*Try it*.
Skipping the images, transcribe each record below as it is.
══ Information given ══
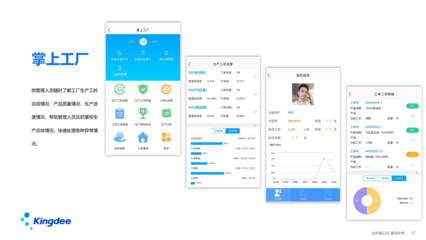金蝶云星空是金蝶集團面向中小型企業的一個核心產品。作為核心應用的移動應用,我們提供了基于云之家、企業微信、WeLink、釘釘、小程序等平臺的全面的移動應用套件,可以覆蓋企業移動化辦公。真正做到高效敏捷,全面移動化的要求。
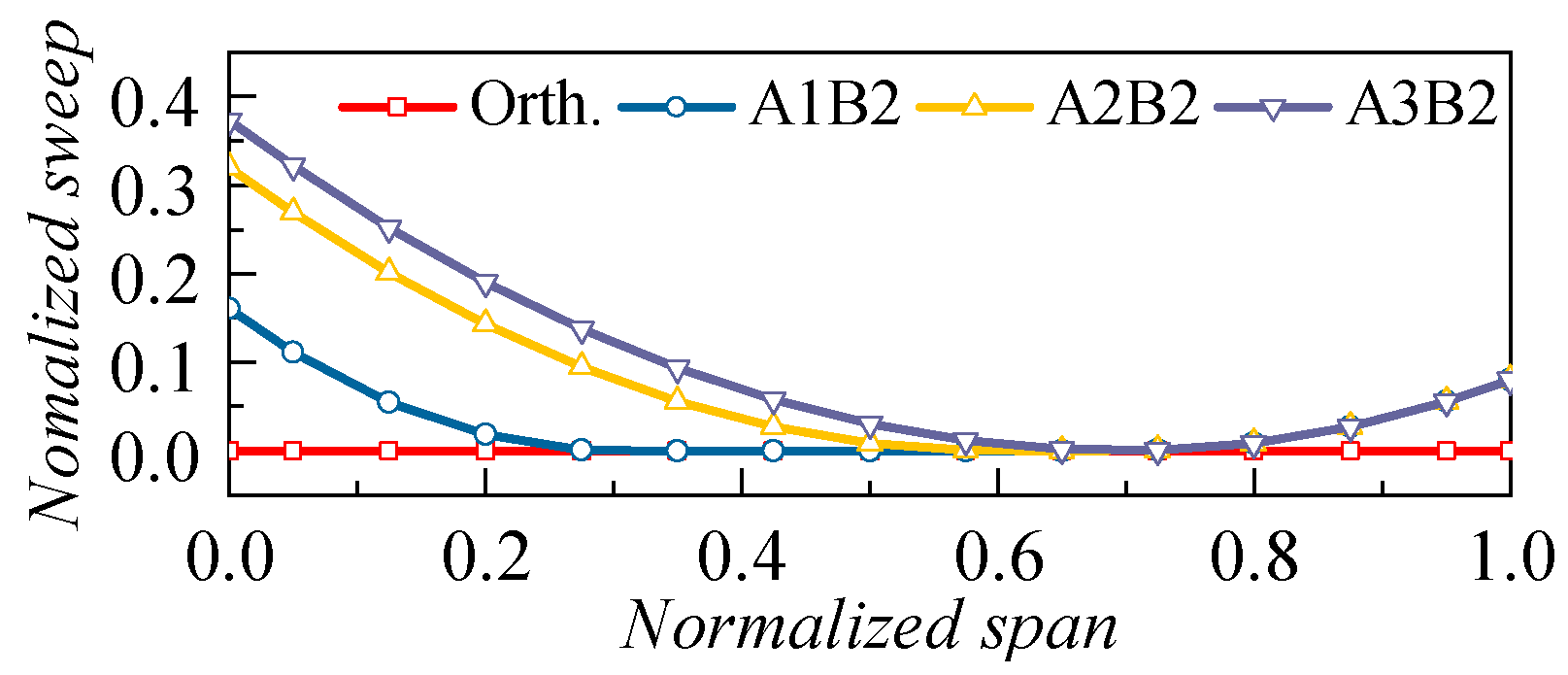 Applsci 13 03335 g004 Applsci 13 03335 g004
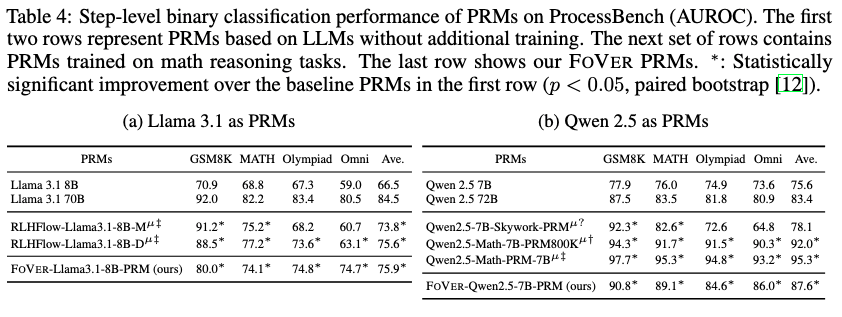 Performance of FoVer PRMs on ProcessBench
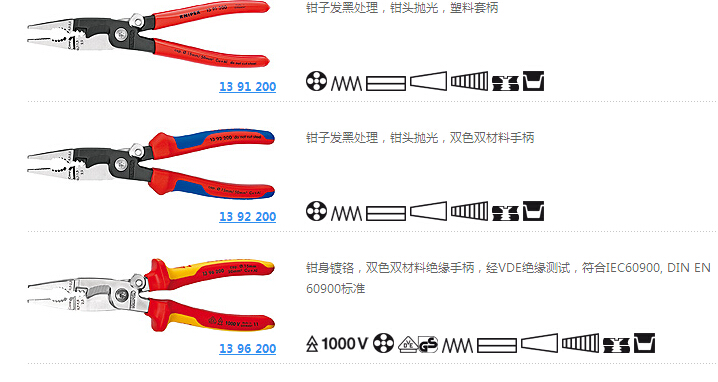 German Kenipak KNIPEX Electrical Assembly Clamp 1391200 1392200 1396200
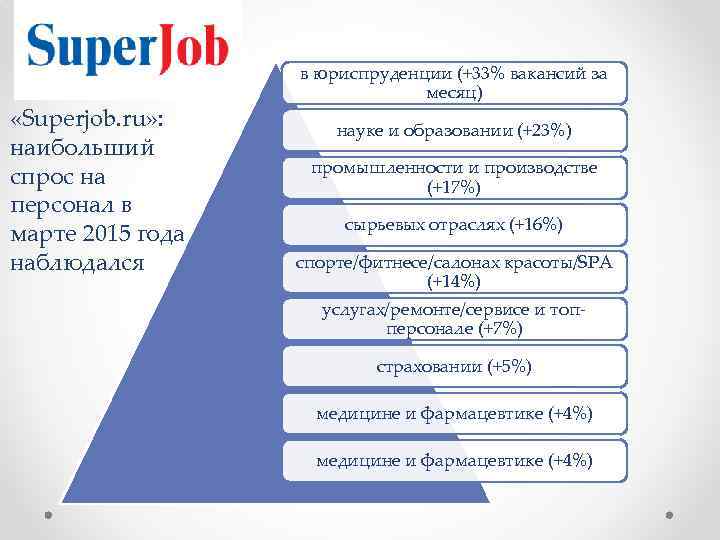  «Superjob. ru» : наибольший спрос на персонал в марте 2015 года наблюдался в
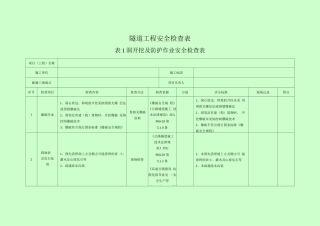 隧道施工安全检查表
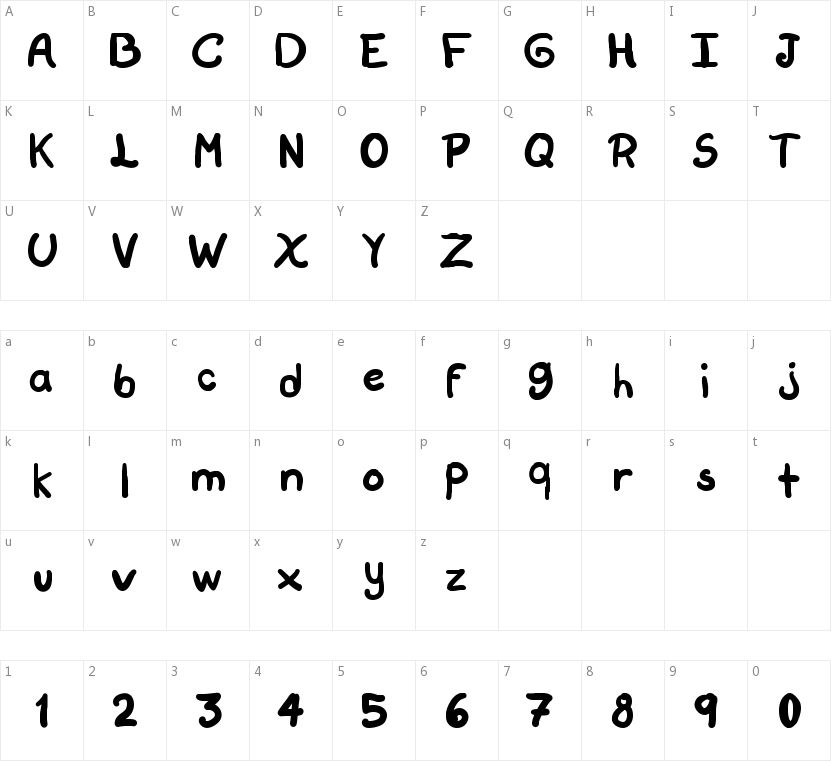 Script Soft的字符映射图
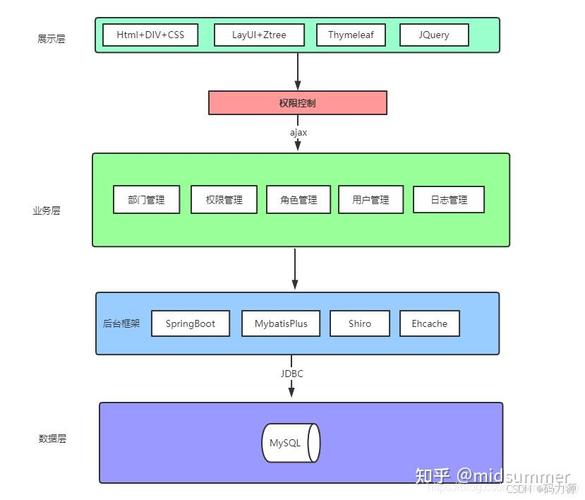 基于springboot vue的敬老院(养老院)管理系统设计与实现【计算机毕设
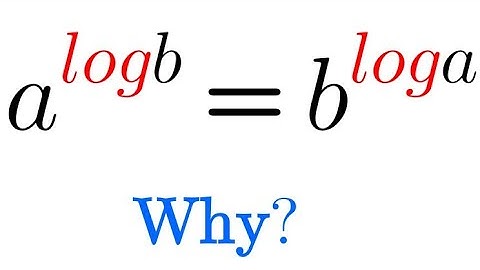 Exponential logarithm problem. Prove that a^logb = b^loga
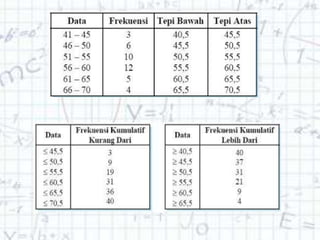 Statistika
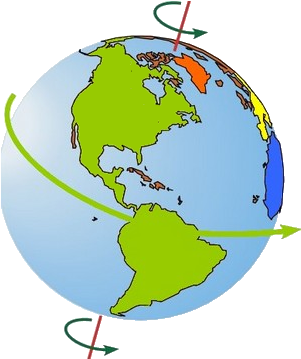 25 Earth Facts Proving That Earth Is Not Rotating Do - Rotation Of The Earth (358x358)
═══
*Solution for this exercise*.
金蝶云星空是金蝶集團面向中小型企業的一個核心產品。作為核心應用的移動應用,我們提供了基于云之家、企業微信、WeLink、釘釘、小程序等平臺的全面的移動應用套件,可以覆蓋企業移動化辦公。真正做到高效敏捷,全面移動化的要求。
 Applsci 13 03335 g004 Applsci 13 03335 g004
 Performance of FoVer PRMs on ProcessBench
 German Kenipak KNIPEX Electrical Assembly Clamp 1391200 1392200 1396200
  «Superjob. ru» : наибольший спрос на персонал в марте 2015 года наблюдался в
 隧道施工安全检查表
 Script Soft的字符映射图
 基于springboot vue的敬老院(养老院)管理系统设计与实现【计算机毕设
 Exponential logarithm problem. Prove that a^logb = b^loga
 Statistika
 25 Earth Facts Proving That Earth Is Not Rotating Do - Rotation Of The Earth (358x358)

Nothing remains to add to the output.